Segment Start: Records

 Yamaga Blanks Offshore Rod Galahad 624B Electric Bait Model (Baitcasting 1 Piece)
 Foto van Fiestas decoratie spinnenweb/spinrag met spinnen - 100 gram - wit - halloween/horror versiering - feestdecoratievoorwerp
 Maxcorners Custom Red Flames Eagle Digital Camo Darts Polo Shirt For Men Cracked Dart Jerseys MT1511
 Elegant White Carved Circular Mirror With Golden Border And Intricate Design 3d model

Segment End: Records
Segment Start: Records

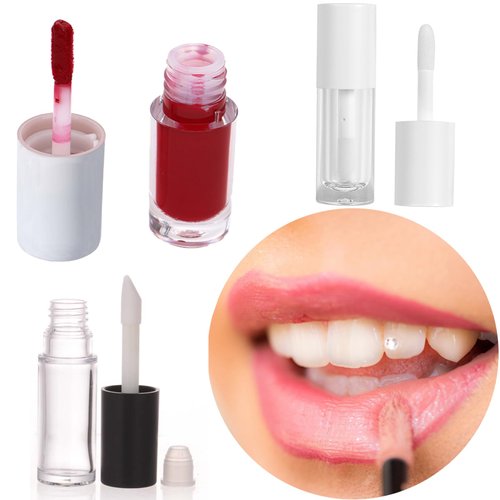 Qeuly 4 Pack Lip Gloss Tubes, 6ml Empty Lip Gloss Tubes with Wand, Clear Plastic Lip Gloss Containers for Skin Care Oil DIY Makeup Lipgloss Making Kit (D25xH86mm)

Segment End: Records

§ Assignment
Reproduce word for word the material above, beginning with the line that contains "Yamaga Blanks Offshore" and ending with the line that contains "Elegant White Carved".

§ Exercise result
 Yamaga Blanks Offshore Rod Galahad 624B Electric Bait Model (Baitcasting 1 Piece)
 Foto van Fiestas decoratie spinnenweb/spinrag met spinnen - 100 gram - wit - halloween/horror versiering - feestdecoratievoorwerp
 Maxcorners Custom Red Flames Eagle Digital Camo Darts Polo Shirt For Men Cracked Dart Jerseys MT1511
 Elegant White Carved Circular Mirror With Golden Border And Intricate Design 3d model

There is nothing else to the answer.